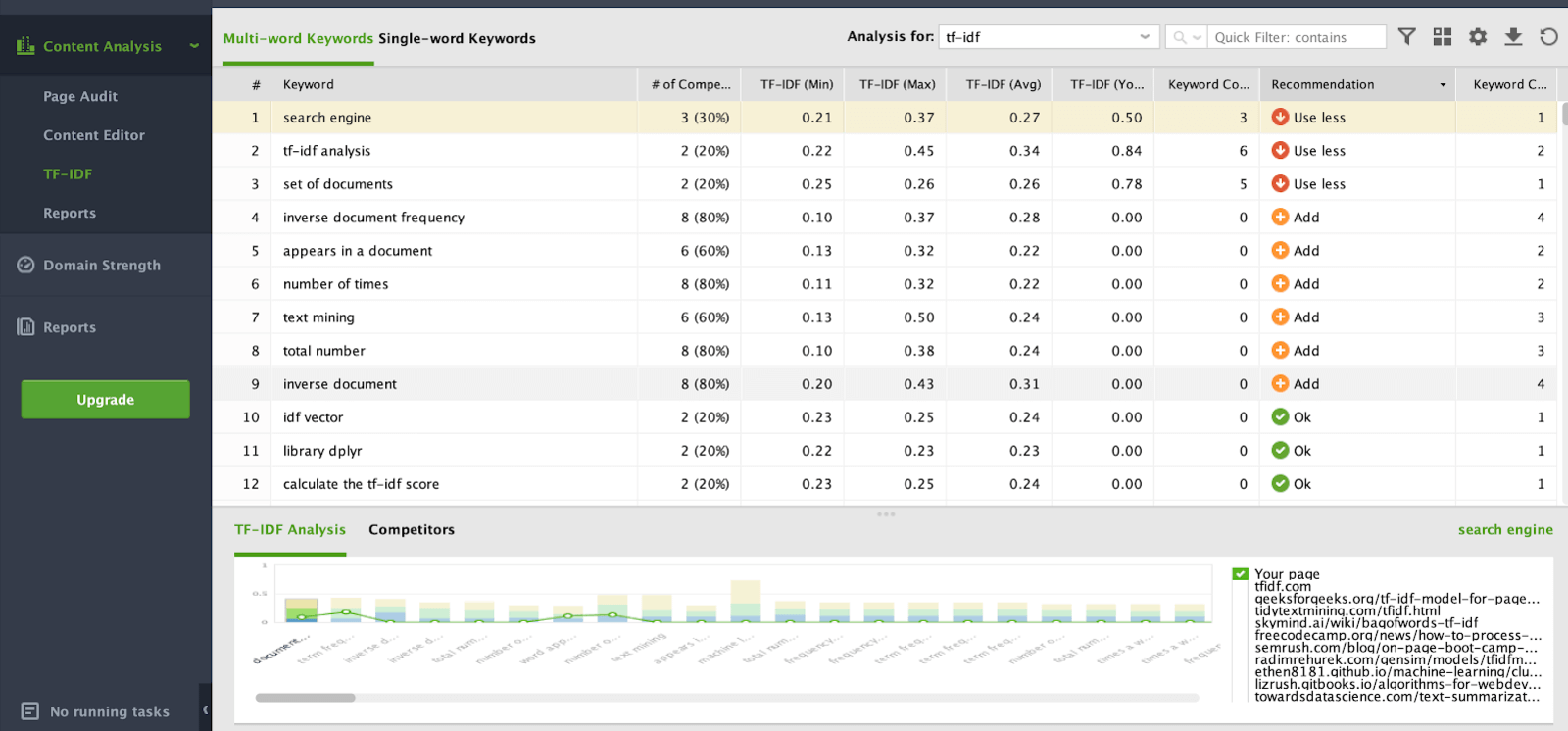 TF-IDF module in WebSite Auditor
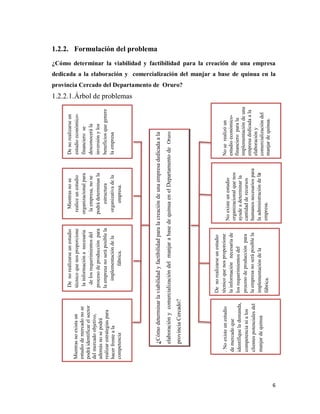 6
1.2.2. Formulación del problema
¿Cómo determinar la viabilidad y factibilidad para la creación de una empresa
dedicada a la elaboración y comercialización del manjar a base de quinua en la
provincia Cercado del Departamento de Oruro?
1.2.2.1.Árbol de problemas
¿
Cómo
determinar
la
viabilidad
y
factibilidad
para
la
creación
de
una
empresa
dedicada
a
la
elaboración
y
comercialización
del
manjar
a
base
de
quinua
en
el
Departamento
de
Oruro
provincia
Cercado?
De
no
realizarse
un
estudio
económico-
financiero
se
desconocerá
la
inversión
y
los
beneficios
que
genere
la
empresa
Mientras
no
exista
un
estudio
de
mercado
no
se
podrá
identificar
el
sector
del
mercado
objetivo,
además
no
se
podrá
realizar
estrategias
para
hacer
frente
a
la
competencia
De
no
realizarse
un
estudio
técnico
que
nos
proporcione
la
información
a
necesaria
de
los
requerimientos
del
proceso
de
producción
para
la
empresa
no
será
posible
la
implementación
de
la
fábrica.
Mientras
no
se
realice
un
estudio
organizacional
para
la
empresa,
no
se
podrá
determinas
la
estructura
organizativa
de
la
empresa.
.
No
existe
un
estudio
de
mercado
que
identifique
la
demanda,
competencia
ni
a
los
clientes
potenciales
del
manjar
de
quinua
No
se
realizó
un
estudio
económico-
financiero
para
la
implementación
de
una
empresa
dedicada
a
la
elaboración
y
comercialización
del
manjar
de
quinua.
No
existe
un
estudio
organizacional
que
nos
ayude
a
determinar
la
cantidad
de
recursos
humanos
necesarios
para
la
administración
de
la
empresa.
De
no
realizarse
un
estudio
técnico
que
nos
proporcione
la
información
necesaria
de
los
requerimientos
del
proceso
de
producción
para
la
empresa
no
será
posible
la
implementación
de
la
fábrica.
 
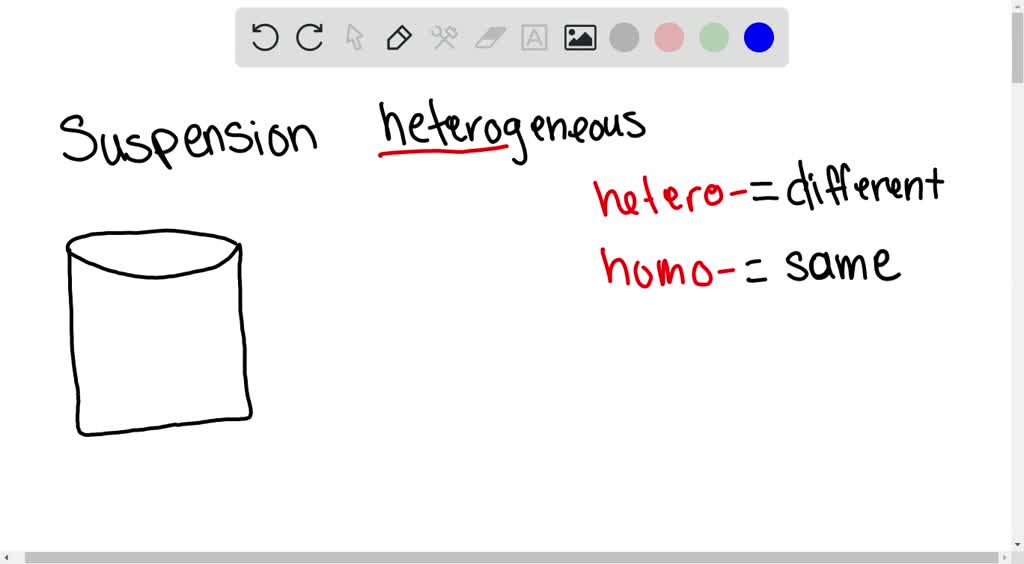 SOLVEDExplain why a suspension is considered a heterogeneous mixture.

-----

Only the pictures stay behind; copy everything else in the records above exactly.

 TF-IDF module in WebSite Auditor
 6
1.2.2. Formulación del problema
¿Cómo determinar la viabilidad y factibilidad para la creación de una empresa
dedicada a la elaboración y comercialización del manjar a base de quinua en la
provincia Cercado del Departamento de Oruro?
1.2.2.1.Árbol de problemas
¿
Cómo
determinar
la
viabilidad
y
factibilidad
para
la
creación
de
una
empresa
dedicada
a
la
elaboración
y
comercialización
del
manjar
a
base
de
quinua
en
el
Departamento
de
Oruro
provincia
Cercado?
De
no
realizarse
un
estudio
económico-
financiero
se
desconocerá
la
inversión
y
los
beneficios
que
genere
la
empresa
Mientras
no
exista
un
estudio
de
mercado
no
se
podrá
identificar
el
sector
del
mercado
objetivo,
además
no
se
podrá
realizar
estrategias
para
hacer
frente
a
la
competencia
De
no
realizarse
un
estudio
técnico
que
nos
proporcione
la
información
a
necesaria
de
los
requerimientos
del
proceso
de
producción
para
la
empresa
no
será
posible
la
implementación
de
la
fábrica.
Mientras
no
se
realice
un
estudio
organizacional
para
la
empresa,
no
se
podrá
determinas
la
estructura
organizativa
de
la
empresa.
.
No
existe
un
estudio
de
mercado
que
identifique
la
demanda,
competencia
ni
a
los
clientes
potenciales
del
manjar
de
quinua
No
se
realizó
un
estudio
económico-
financiero
para
la
implementación
de
una
empresa
dedicada
a
la
elaboración
y
comercialización
del
manjar
de
quinua.
No
existe
un
estudio
organizacional
que
nos
ayude
a
determinar
la
cantidad
de
recursos
humanos
necesarios
para
la
administración
de
la
empresa.
De
no
realizarse
un
estudio
técnico
que
nos
proporcione
la
información
necesaria
de
los
requerimientos
del
proceso
de
producción
para
la
empresa
no
será
posible
la
implementación
de
la
fábrica.
 
 SOLVEDExplain why a suspension is considered a heterogeneous mixture.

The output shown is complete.